Declinava o dia e as sombras da noite se avizinhavam. Na casa, as luzes foram acesas.

Retornando das atividades profissionais, a mãe, envolvida em preparar o jantar, atender a pequena que chegara da escola, ia de um lado a outro, a fim de que tudo ficasse pronto, no tempo devido.

A garota de cinco anos foi até a cozinha. Afinal, depois de ficar distante da mãe tantas horas, desejava estar com ela.

Sentou-se à mesa e ficou observando.
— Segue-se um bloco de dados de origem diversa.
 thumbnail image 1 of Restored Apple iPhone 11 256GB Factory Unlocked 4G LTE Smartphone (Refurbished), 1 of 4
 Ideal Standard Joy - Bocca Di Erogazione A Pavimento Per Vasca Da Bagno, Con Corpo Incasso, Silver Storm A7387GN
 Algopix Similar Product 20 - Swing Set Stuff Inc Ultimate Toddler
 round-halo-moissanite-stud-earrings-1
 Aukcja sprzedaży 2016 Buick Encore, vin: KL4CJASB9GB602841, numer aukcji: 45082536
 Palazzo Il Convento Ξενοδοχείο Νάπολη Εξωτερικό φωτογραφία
Então, de repente, exclamou:

Nossa, mãe, eu vi um vulto preto enorme atrás de você.

A senhora se assustou: Vulto preto, enorme, atrás de mim? Meu Deus, o que será que minha filha está vendo?
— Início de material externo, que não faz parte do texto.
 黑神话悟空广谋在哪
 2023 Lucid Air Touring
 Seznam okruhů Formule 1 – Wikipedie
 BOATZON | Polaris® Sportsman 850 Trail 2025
Pela sua memória, repassou os últimos minutos de relance.

Teria se alterado? Por que estaria atraindo para o seu lar algo ruim?
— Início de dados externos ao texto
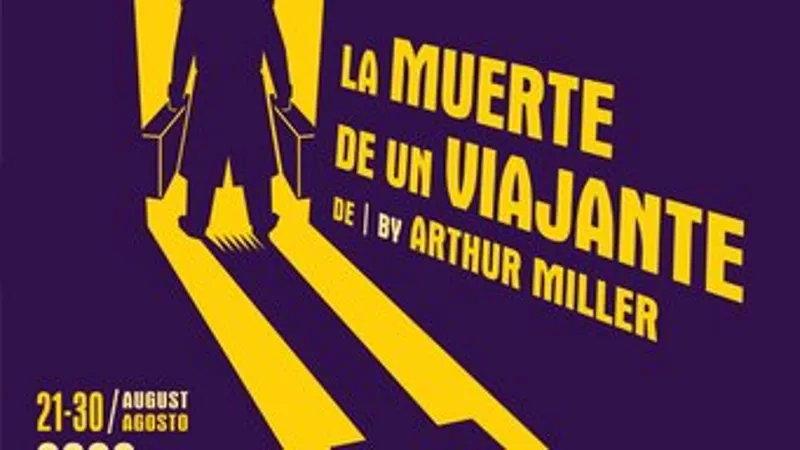 La muerte de un viajante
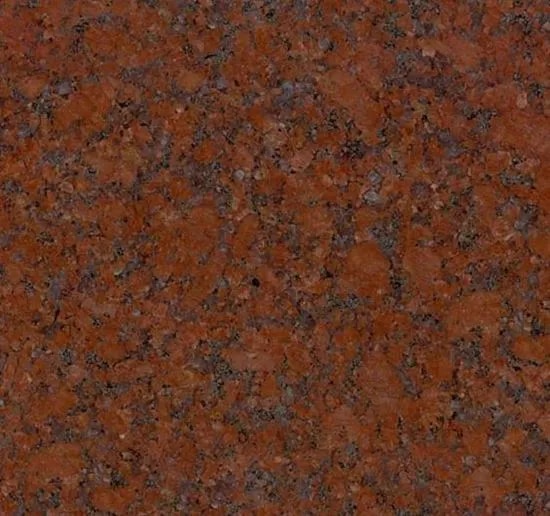 Taj Red Granite image 1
Um Espírito mau a estaria acompanhando? Sua casa estaria à mercê de Espíritos de qualidade inferior?

Tentou acalmar os próprios pensamentos e, numa tentativa de tranquilizar a filha, a fim de que não se apavorasse, indagou: Como era esse vulto grande, filha?

Ah, ele era preto, grandão, e ficava se mexendo atrás de você.

Então, a mãe olhou para a parede e viu a sua sombra projetada. Era escura e proporcionalmente maior do que sua própria estatura.

Sossegou a alma e explicou: Filhinha, é a sombra da mamãe.

Está vendo? Eu levanto o braço, a sombra levanta. Eu ando, a sombra me acompanha.

E fez diversas brincadeiras, que levaram ambas a rir de forma descontraída.

*   *   *

Em nosso cotidiano, muitas vezes, fatos nos ocorrem, que nos atemorizam. Alguém nos faz uma observação e, de nossa parte, deduzimos questões nem sempre positivas.

A simples observação de uma criança pode desencadear desassossego e nos levar a ponderações inconsequentes.

Por isso, sempre importante que mantenhamos a mente alerta e, antes de pensar tolices, verificar o que é real, dentro da informação que nos chega.

Alguns de nós, por vezes, nos deixamos envolver por medos tolos e sem razão alguma.

Ante algo que nos pareça mau, tenhamos a certeza de que, se nos encontramos no caminho do dever, buscando realizar o melhor, somente teremos conosco os Espíritos do bem.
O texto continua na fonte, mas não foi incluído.